Download this program

SYNOPSIS

NAME

backmeup.pl - Do backups using a configuration file


SYNOPSIS


  backmeup.pl homemachine
  backupup.pl -cfg work.cfg workserver workclient


DESCRIPTION

The goal of this program is to make it easy to centralize backups in one (or a few) configuration files. Backups can be done in a wide variety of schemes and commands. Some of the more common commands to backup data include:

  cp
  scp
  rsync

While each of these commands has the basic format of command from destination and each command has a wide variety of options that might be used for some data, but not for others. Just a few of the backup commands I personally use include:

  cp -p  /home/mail    /backups/mail
  cp -rp /home/mozilla /backups/mozilla
  rsync -az --delete --force /etc /backups/etc
  rsync -az --delete --force --bwlimit 500 /home2 /backups/home2
  rsync -az --delete --force -e 'ssh p 77777' \
      /home/[a-c]* BAK@back:/backups/home
  rsync -az --delete --force -e --exclude Simulations \
      /home/tpg /backups/home

Complicating this is that the commands and options change all the time based on the space available at the destination or on the whim of my users or myself about what SHOULD be backed up.

Sometimes I need a command to prepare the data to be backed up, like this:

  tar czf /tmp/b.tgz
  cp -rp /tmp/b.tgz /backups/mozilla
  rm -f /tmp/b.tgz

Like many I started with crontab entries to issue the specific command for a given set of data. Multiply this for a number of machines and it starts getting confusing and many times the commands to be used were very similar.
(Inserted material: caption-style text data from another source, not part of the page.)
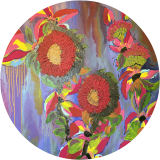 Crimson Red Sunflower & Bottle Rocket Liguria,Resilient Monstera Deliciosa,The Rainbow Goddess,A Bloom of Prosperity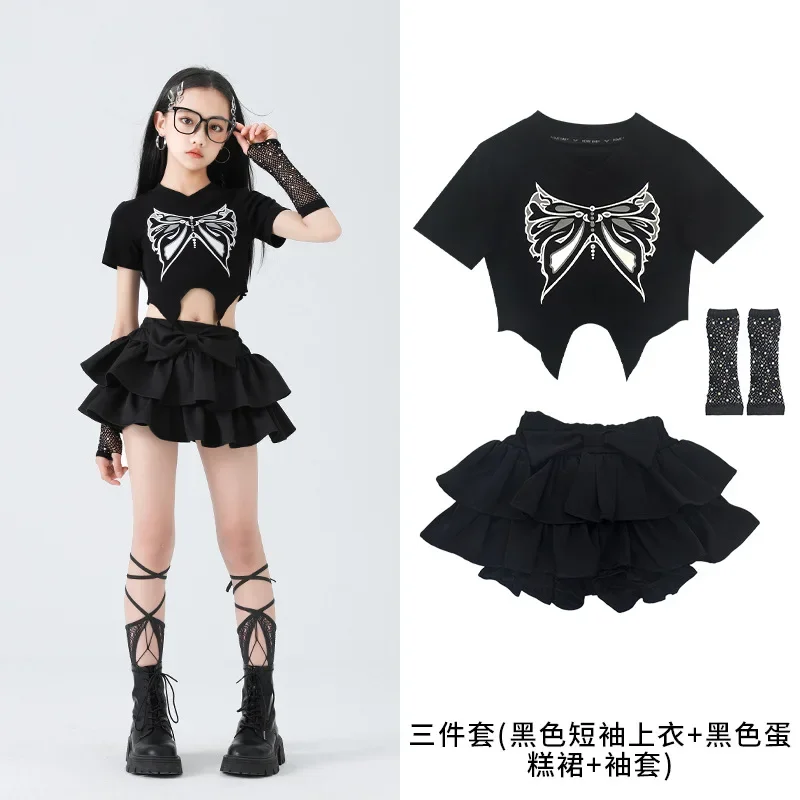 Ragazze K-pop Moda Crop Top Gonne a strati Set di vestiti Bambini Costume Hip Hop Bambini Street Dance Hot Girl Group Streetwear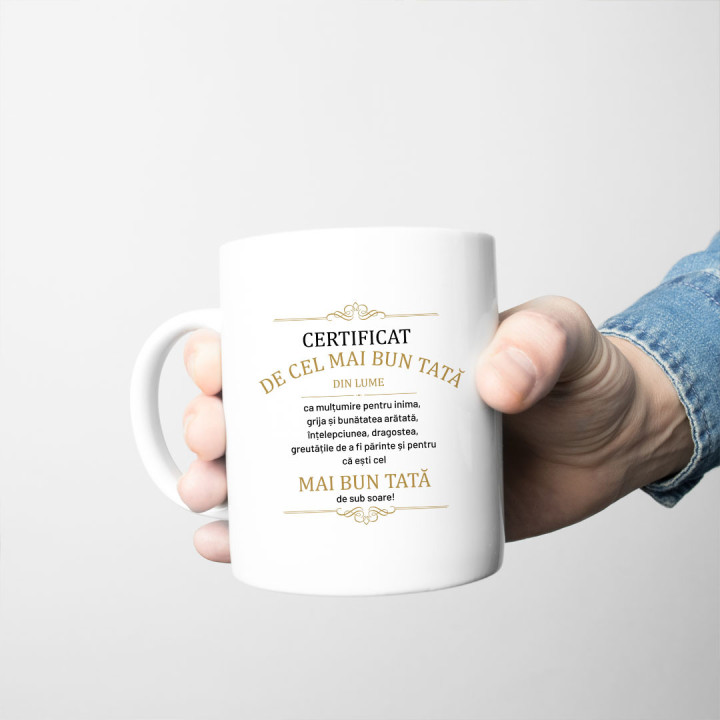 Certificat de cel mai bun tată din lume - ca mulțumire pentru inima - cană
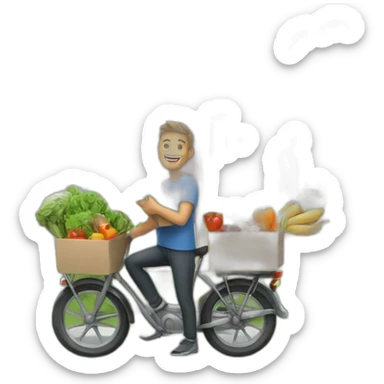 man delivering healthy food to a home sticker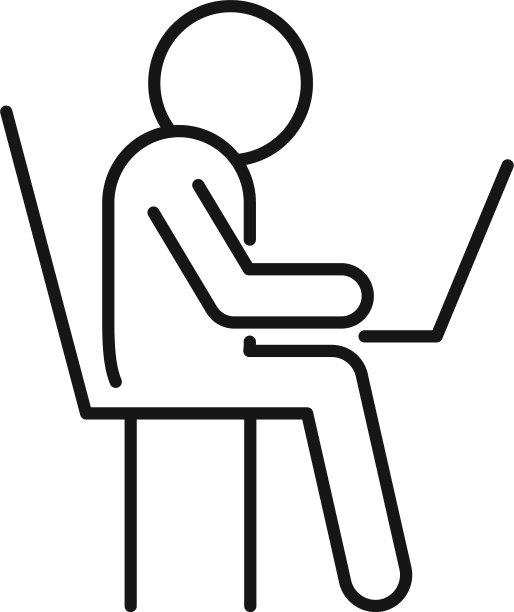 家庭办公室工作图标轮廓风格图片下载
Next I moved to writing a shell script to generate the correct command. The same shell script running on many machines could implement the rule of the day for a given set of data. Eventually this too got confusing. Perhaps I just get too confused.

What I want in backup is:

  * Single command passed a few keywords to indicate what to do
  * Centralized configuration files. Preferrably one file.
  * Enough flexability so I don't have to write a wrapper script
  * Simple to understand and remember

backmeup.pl is my current attempt to satisfy these requirements. This program reads a configuration file. The parameters to the command are easy and are intended to be invoked with crontab entries like:

  11 20 3 * * /home/tpg/backmeup.pl -cfg /home/tpg/bin/my.cfg etc home2 s2v

The script reads the configuration file specified and calls the commands defined for the keys 'etc', 'home2' and 's2v'.

The crontab time provides the scheduling of the backups. This keeps backmeup.pl simple since it does not need to decide when to run. The parameters to backmeup.pl specify what to backup and how.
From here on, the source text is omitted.